# SUPPLIED DATA
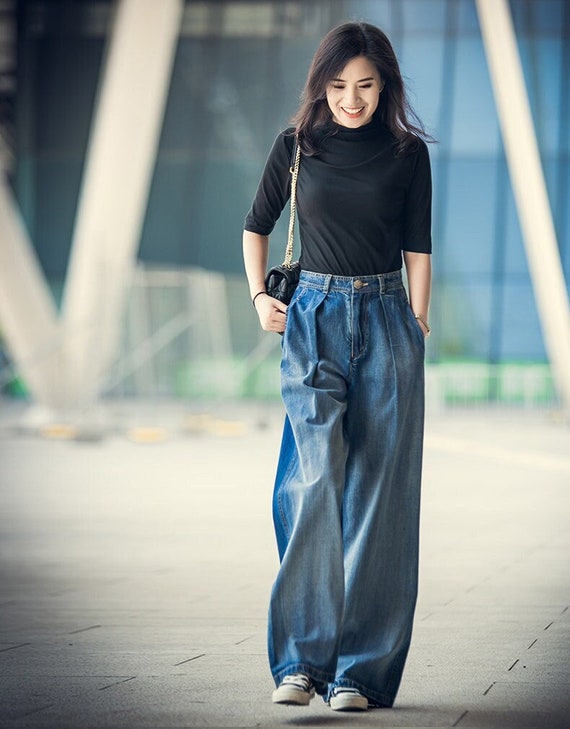 High Waist Vintage Wide Leg Jeans  Wide leg jeans outfit, Fashion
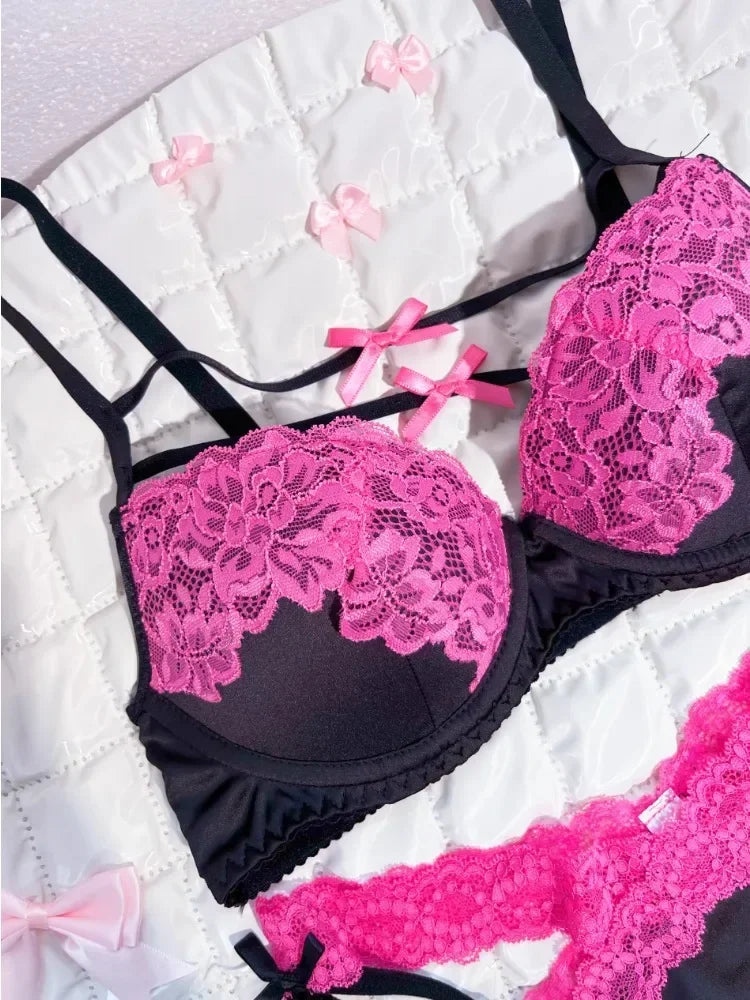MOYISU New Release Kontrast-BH-Set |   Zurückhaltendes und sexy Bralette aus französischer Spitze |   Akzentuiert kleine Brustkurven |   Atmungsaktive Dessous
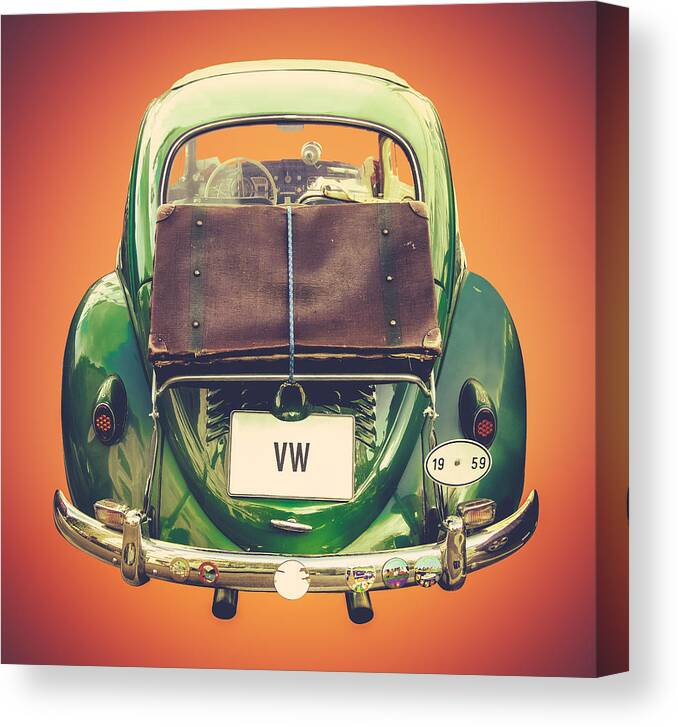 1959 Canvas Print featuring the photograph Vintage Volkswagen Beetle With Suitcase by Mr Doomits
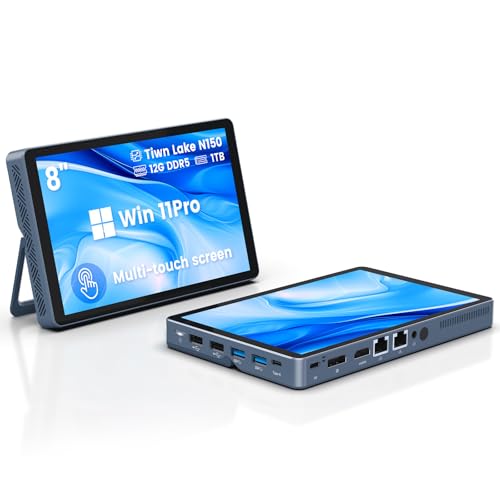 Image of KOOSMILE Mini PC N150(up to 3.6GHz), 12GB DDR5 RAM 256GB/512GB/1TB M.2 SSD Mini PC with 8-Inch Touchscreen 4K Dual Display,WIFI6,BT5.2,12 Ports, All-in-One Mini Computer(N150-12GB+1TB)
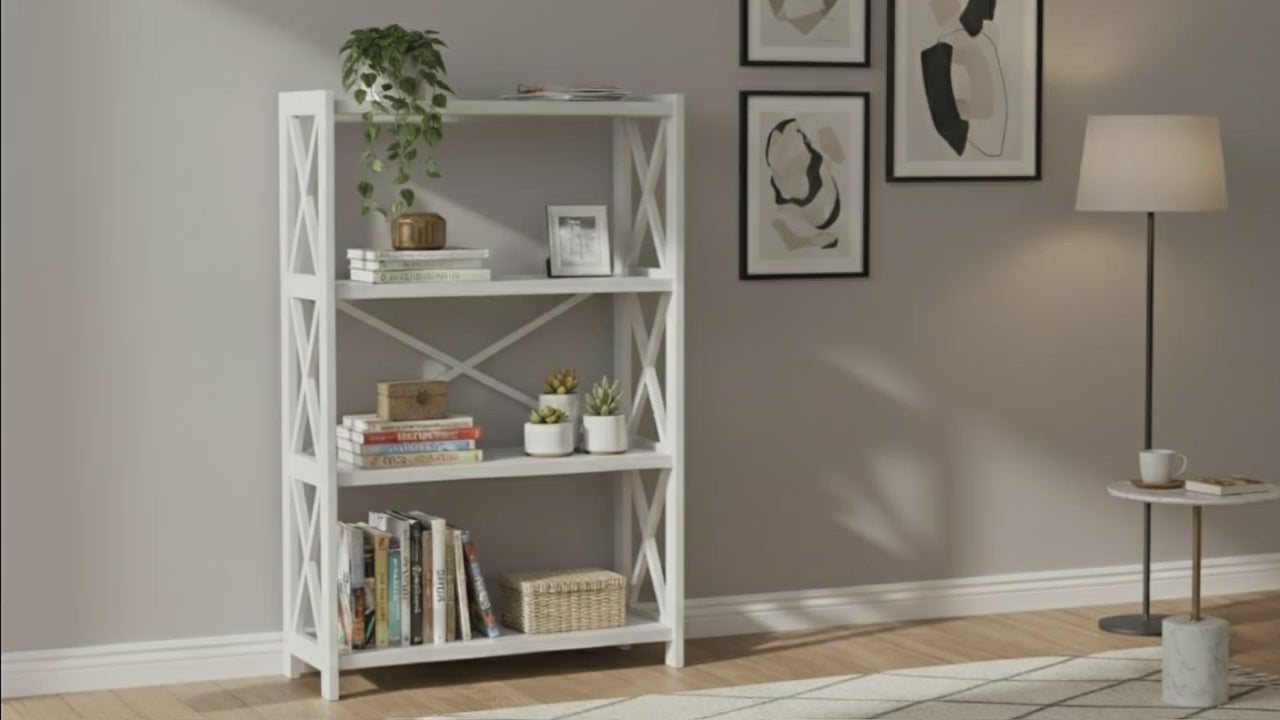 Dixon Bookcase White - 1230x800x300MM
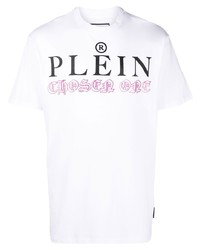 T-shirt à col rond imprimé blanc Philipp Plein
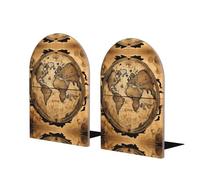 Serre-livres en bois avec base en métal - Motif carte du monde antique - Pour livres lourds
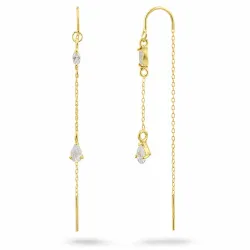 Zirkon ketten ohrringe in vergoldetem Silber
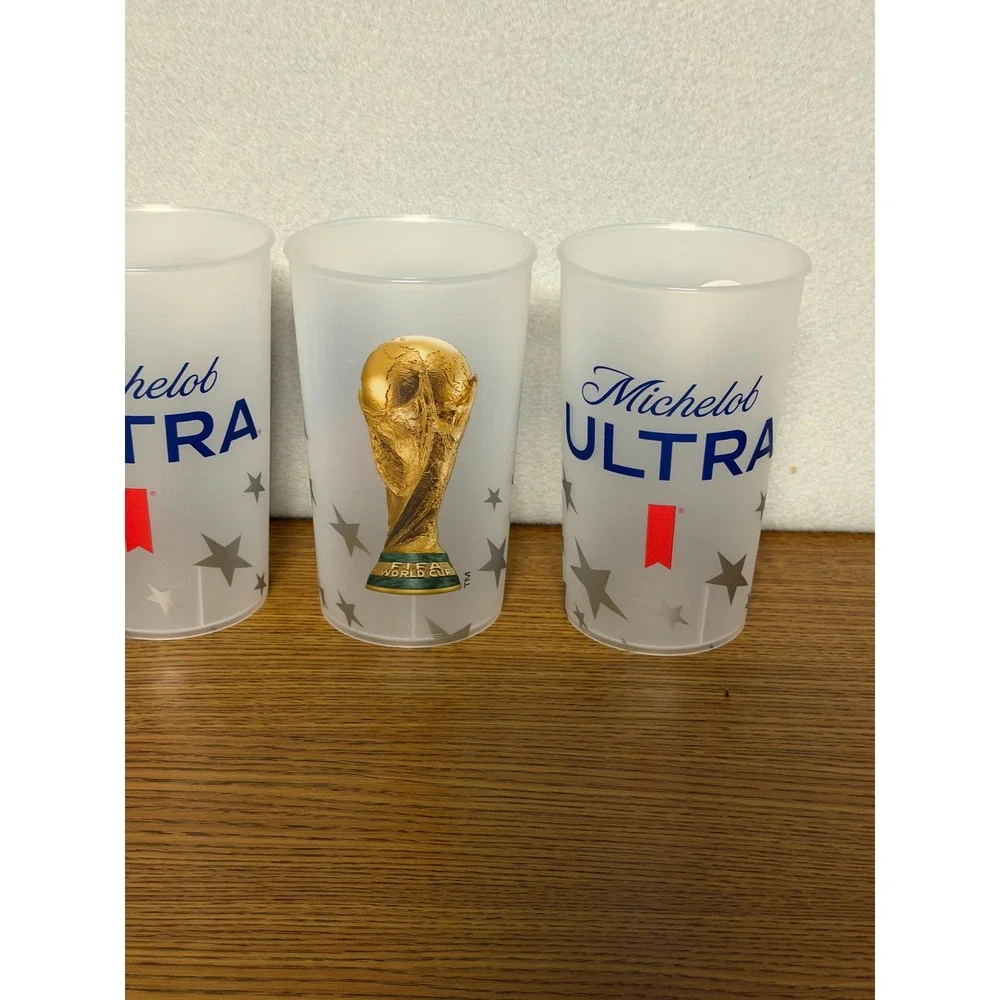 Michelob Ultra FIFA World Cup Plastic Stadium Cups Set of 5 Frosted Soccer Beer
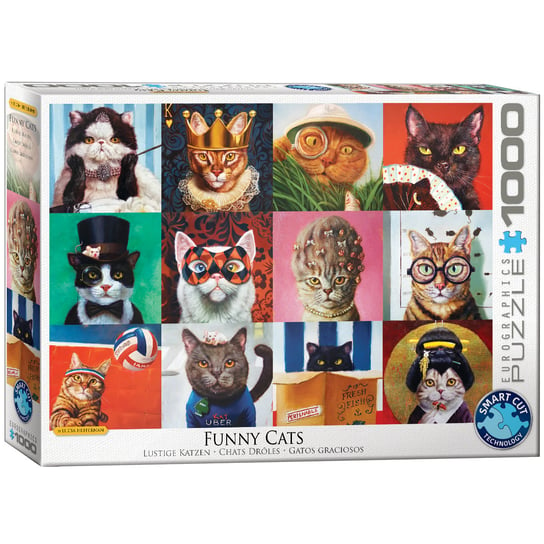 EuroGraphics, puzzle, Funny Cats by Lucia Heffernan, 1000 el. EuroGraphics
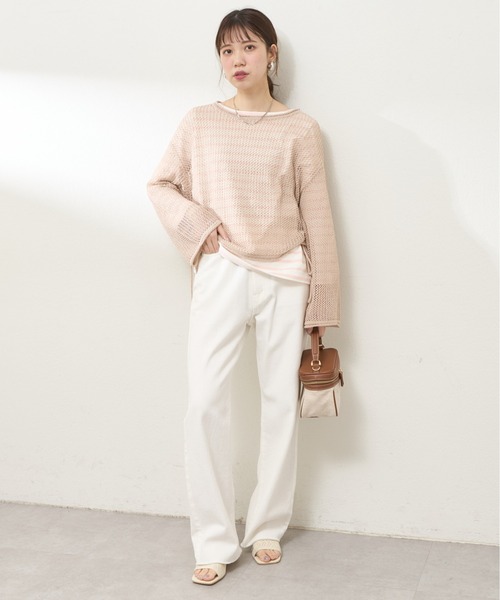 natural couture(ナチュラルクチュール)の「メッシュサイドドロストプルオーバー(Tシャツ/カットソー・レディース・ナチュラル/ブルー/グレイッシュベージュ/ブラック・FREE)」の18枚目の写真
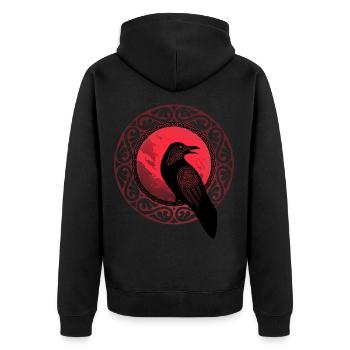 Odin Thor Raben Hugin und Munin T-Shirt für Männer - Unisex Premium Bio Zip Hoodie - Schwarz - Hinten - Nico (187cm)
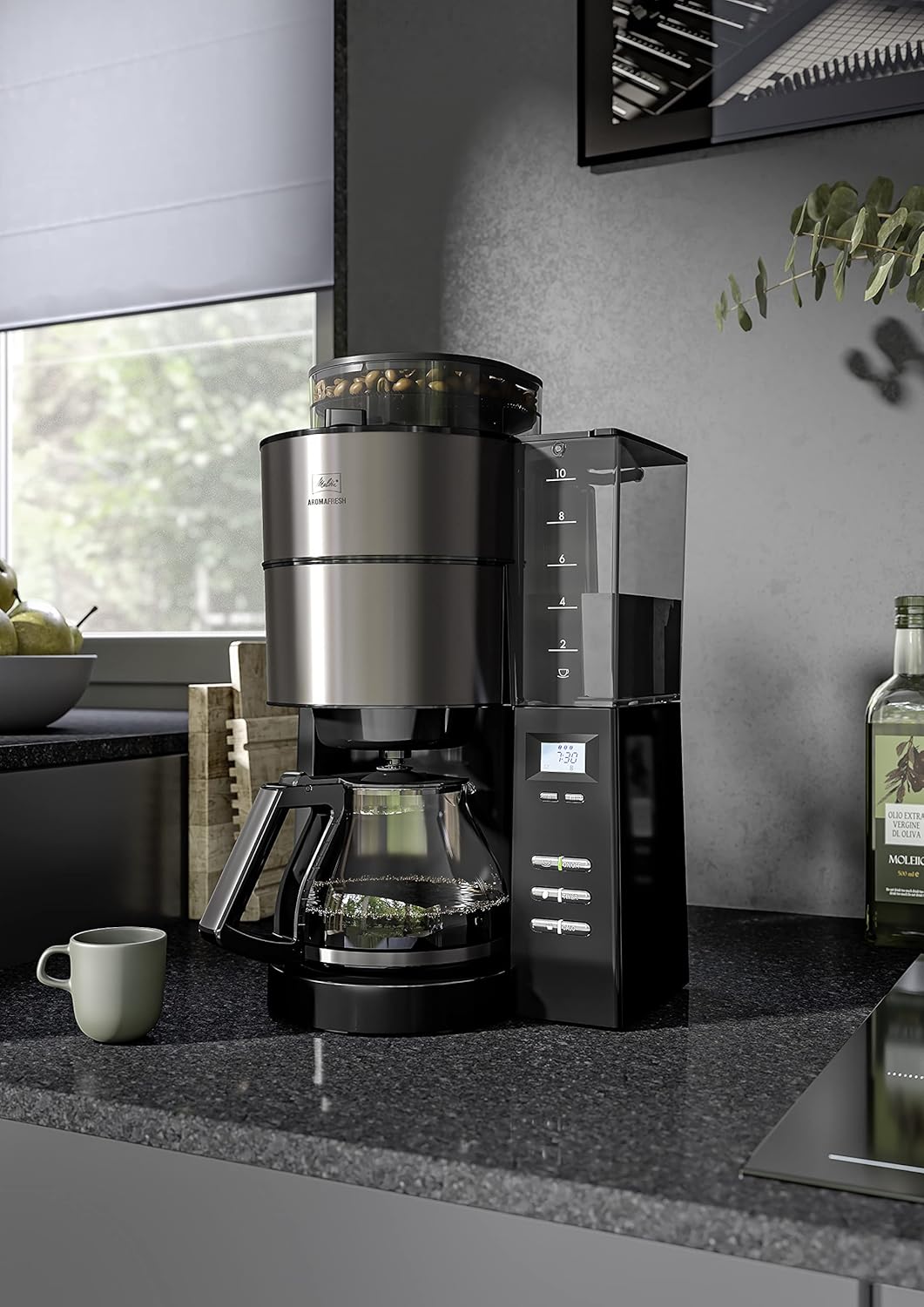 Melitta AromaFresh - Macchina da caffè con filtro - con caraffa in vetro - macinacaffè integrato - funzione timer - 10 tazze - Pure Black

# YOUR OBJECTIVE
Among the entries above, find the line with "MOYISU New Release" and repeat exactly from there through the line with "Odin Thor Raben", leaving out the pictures.

# EXERCISE RESULT
MOYISU New Release Kontrast-BH-Set |   Zurückhaltendes und sexy Bralette aus französischer Spitze |   Akzentuiert kleine Brustkurven |   Atmungsaktive Dessous
 1959 Canvas Print featuring the photograph Vintage Volkswagen Beetle With Suitcase by Mr Doomits
 Image of KOOSMILE Mini PC N150(up to 3.6GHz), 12GB DDR5 RAM 256GB/512GB/1TB M.2 SSD Mini PC with 8-Inch Touchscreen 4K Dual Display,WIFI6,BT5.2,12 Ports, All-in-One Mini Computer(N150-12GB+1TB)
 Dixon Bookcase White - 1230x800x300MM
 T-shirt à col rond imprimé blanc Philipp Plein
 Serre-livres en bois avec base en métal - Motif carte du monde antique - Pour livres lourds
 Zirkon ketten ohrringe in vergoldetem Silber
 Michelob Ultra FIFA World Cup Plastic Stadium Cups Set of 5 Frosted Soccer Beer
 EuroGraphics, puzzle, Funny Cats by Lucia Heffernan, 1000 el. EuroGraphics
 natural couture(ナチュラルクチュール)の「メッシュサイドドロストプルオーバー(Tシャツ/カットソー・レディース・ナチュラル/ブルー/グレイッシュベージュ/ブラック・FREE)」の18枚目の写真
 Odin Thor Raben Hugin und Munin T-Shirt für Männer - Unisex Premium Bio Zip Hoodie - Schwarz - Hinten - Nico (187cm)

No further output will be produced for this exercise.